# Visual Basic > Games and Graphics Programming > Game Demos >  [VB.NET, EXE Only] Slider Maze Game

## minitech

Here's my Slider Maze Game. If you don't know what it is, read the Help file. Ignore the prompts asking you to buy the Pro edition, I actually haven't finished it yet  :Wink:  And for that reason, I can't provide the source code until I know it's too complicated for someone else to figure out how to make the Pro version.

Enjoy!  :Big Grin:

----------


## tweaker99

very nice but um what is the hotkey to close it , and it is very confusing at first i would suggest importing a little video that shows how to use it or just a animated image

----------


## minitech

There is no hotkey to close it - press the close button.

----------


## Nightwalker83

> and it is very confusing at first i would suggest importing a little video that shows how to use it or just a animated image


I agree! People won't buy it if they download it and the download is so confusing that can't figure out what to do.

----------


## minitech

I think the download is pretty self-explanatory. Download the zip, extract the file, run the EXE, and look at the help file.

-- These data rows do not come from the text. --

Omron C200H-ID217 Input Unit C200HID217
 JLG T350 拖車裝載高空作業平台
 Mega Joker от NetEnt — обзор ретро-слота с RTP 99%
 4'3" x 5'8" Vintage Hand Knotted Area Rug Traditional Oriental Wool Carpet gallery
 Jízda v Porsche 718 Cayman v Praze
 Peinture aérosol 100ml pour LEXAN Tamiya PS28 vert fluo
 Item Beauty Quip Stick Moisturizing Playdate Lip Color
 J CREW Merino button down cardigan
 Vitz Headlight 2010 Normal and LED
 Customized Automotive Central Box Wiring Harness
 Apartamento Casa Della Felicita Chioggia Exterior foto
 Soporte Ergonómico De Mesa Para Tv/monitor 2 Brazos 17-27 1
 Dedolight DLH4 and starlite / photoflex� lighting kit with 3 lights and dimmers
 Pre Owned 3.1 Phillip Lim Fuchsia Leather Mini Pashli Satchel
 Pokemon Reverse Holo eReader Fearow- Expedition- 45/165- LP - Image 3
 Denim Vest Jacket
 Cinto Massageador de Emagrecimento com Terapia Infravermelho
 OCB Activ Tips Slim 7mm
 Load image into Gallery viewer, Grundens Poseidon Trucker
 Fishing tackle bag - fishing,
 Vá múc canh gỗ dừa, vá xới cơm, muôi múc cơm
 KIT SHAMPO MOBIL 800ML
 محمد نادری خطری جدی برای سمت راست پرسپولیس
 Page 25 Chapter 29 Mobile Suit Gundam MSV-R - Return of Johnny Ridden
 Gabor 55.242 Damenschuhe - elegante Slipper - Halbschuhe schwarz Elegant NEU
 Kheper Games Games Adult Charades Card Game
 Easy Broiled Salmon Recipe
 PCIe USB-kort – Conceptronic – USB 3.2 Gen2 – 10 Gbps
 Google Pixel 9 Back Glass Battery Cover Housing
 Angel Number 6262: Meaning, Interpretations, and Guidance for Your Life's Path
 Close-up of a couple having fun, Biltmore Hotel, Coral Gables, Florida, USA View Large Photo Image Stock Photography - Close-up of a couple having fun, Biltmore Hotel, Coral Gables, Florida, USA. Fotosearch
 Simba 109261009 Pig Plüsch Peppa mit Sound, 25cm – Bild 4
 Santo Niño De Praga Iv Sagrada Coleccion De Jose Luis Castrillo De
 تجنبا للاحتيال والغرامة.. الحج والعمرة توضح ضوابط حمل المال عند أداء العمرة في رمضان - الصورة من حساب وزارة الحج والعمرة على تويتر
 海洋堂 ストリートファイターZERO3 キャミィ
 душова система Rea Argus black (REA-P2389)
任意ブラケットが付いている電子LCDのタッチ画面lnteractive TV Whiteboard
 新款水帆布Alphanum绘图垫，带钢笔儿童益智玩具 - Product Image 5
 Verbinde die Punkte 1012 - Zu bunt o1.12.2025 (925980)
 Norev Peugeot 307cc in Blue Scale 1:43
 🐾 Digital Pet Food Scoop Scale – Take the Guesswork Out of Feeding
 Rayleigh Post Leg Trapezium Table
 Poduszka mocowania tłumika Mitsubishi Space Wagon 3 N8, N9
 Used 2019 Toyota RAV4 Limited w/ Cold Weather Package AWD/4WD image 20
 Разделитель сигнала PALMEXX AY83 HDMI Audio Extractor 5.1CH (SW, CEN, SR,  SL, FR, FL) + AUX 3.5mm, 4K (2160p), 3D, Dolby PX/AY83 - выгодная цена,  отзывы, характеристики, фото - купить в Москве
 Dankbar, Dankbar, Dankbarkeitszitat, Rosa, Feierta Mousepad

> People won't buy it if they download it


What?

----------


## Nightwalker83

> What?


Read the whole quote! I am not talking about getting the program for free.

Edit:

What I'm saying is people won't buy the program if they can't use it or can't figure out how to use it.

----------


## minitech

Well, since there's no for-pay version anyways, I'm not too worried  :Wink:

----------


## Nightwalker83

> Well, since there's no for-pay version anyways, I'm not too worried


However, under the help menu you have "Purchase Full Version".

----------


## minitech

Yes. See post #1.

----------


## refreblast

I love the concept but I recommend that in the menu bar use more then just the CTRL + stuff. Why not try E&xit for exit so it adds the ability to use ALT + x to close the program.

----------


## Reac

I love refreblast's idea. Thats one of the things they tell us in class to do anytime there is a menubar.

----------


## akhileshbc

Mini, the game concept looks good. But it will be helpful if you have provided a small example SMAZE file made by you.

And when i tried to close the program (during PLAY), it doesn't close !  :Frown:

----------


## minitech

Sorry, but it says "press Q to close". I'm sorry for not providing .smaze files, I have a couple simple mazes and I'll include them if I ever end up updating Slider Maze - but it was a pretty simple (and badly coded, by my standards) game and I'm probably not going to. Sorry.

----------